Memories in the making

The group quickly got to know one another over a brief lunch before assisting in loading the game viewer and trailer with all of the supplies we needed. We then headed off to our new home for the week – a spectacularly remote camp in the heart of Khwai. The camp was sensational, encapsulated by a stunning channel of the Khwai River flowing only a few feet from our tents.

We shared this wildlife area with a substantial breeding herd of elephants who enjoyed rehydrating themselves in the river every morning. And every morning we woke to warm coffee and porridge, and got to observe and photograph these beautiful animals.
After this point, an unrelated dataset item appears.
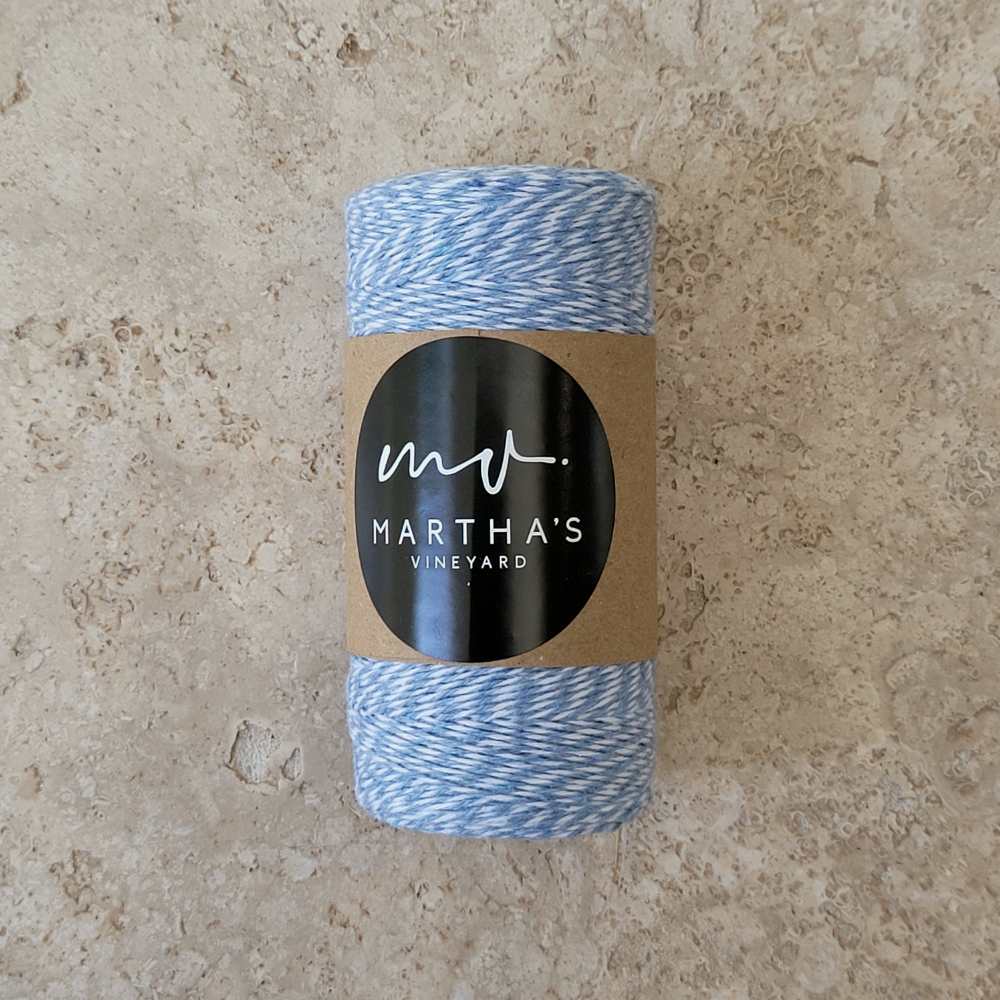 Load image into Gallery viewer, MARTHA'S VINEYARD Candy Stripe Twine - Pale Blue & White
On many insightful and inspiring game drives in the mornings and evenings throughout the Khwai and Moremi areas we spent a lot of quality time together, often stopping to enjoy an Amarula coffee amongst other refreshments. While we collectively enjoyed the abundance of the exquisite and dramatically green scenery – generated by the start of the rains – we discovered that we shared many of the same passions, and grew closer as a group.

From left to right: 1) Scanning across the Khwai River into the dense shrubs of the neighbouring Moremi Game Reserve. Botswana is largely unfenced and wildlife moves between reserves unhindered; 2) Enjoying a relaxing lunch with the Khwai River just a few metres away. All photos © Tom Stenner 

The diversity of wildlife

Along with countless sightings of elephant, hippo, crocodile, giraffe, wildebeest, buffalo and many other African beauties, we spent the majority of the week viewing some wonderfully varied antelope and birds, accurately highlighted by our exuberant guides James and John. Their knowledge of the sheer volume of species ensured that we were all hugely inspired. Fortunately we were in Khwai at the same time as when the impala were giving birth – most are born at the start of the rainy season, when food is plentiful and life is relatively easy – and we felt lucky to witness the first steps of many newborns.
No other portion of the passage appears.